This pair is a fat-burning winner. Strength training helps you build the muscle you need to rev up your metabolism, since muscle tissue burns more calories at rest than fat. Cardiovascular exercise, also known as aerobic activity, helps burn off excess calories.   

According to a 2022 analysis of 114 studies published in Obesity Reviews, this combo led to more fat loss than either form of exercise alone. Aim for 150 weekly minutes of moderate intensity cardio (like brisk walking) coupled with two-weekly strength training workouts, says Logan Strollis, M.S., an exercise physiologist at LVHN Fitness in Allentown, Pennsylvania. 

If 150 weekly minutes feels like a big ask, go with what your body can handle. Any activity is better than none, after all. It’s also important to choose activities that you enjoy, because you’ll be more likely to do them, says Janet J. Boseovski, Ph.D., a professor of psychology at the University of North Carolina at Greensboro.    

Do: More Reps With Lighter Weights

All forms of strength training can help you build lean muscle mass to support your metabolism. But high-rep sessions – ones where you complete 12 to 20 repetitions per set – offer an added bonus, says Strollis. When compared to fewer reps with heavier weights, high-rep sessions can help you get your heart rate up, he says, helping you to burn more calories.  

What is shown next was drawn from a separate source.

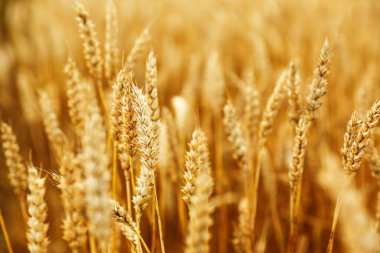 Çavdarın altın kulakları ya da tarlada buğday, arka plan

Do: Boost Your Protein Intake  

Oftentimes when you lose weight, the pounds lost come from muscle instead of fat tissue. Consuming enough protein every day helps make sure your weight loss mostly comes from belly fat – and not from muscle mass, according to an analysis of 24 studies published in Nutrition Reviews. 

Protein also helps dampen our hunger, so we’re less likely to reach for extra food our bodies will wind up storing as fat. And like many things, protein’s effect on the body changes as we grow older.  

“Protein intake needs go up with age, because our bodies become less efficient at synthesizing and absorbing the protein that we eat,” says Kieran McSorley, R.D., of the Brentwood Physiotherapy Clinic. Ideally, aim for at least 1.2 grams of protein per kilogram of body weight, he says. 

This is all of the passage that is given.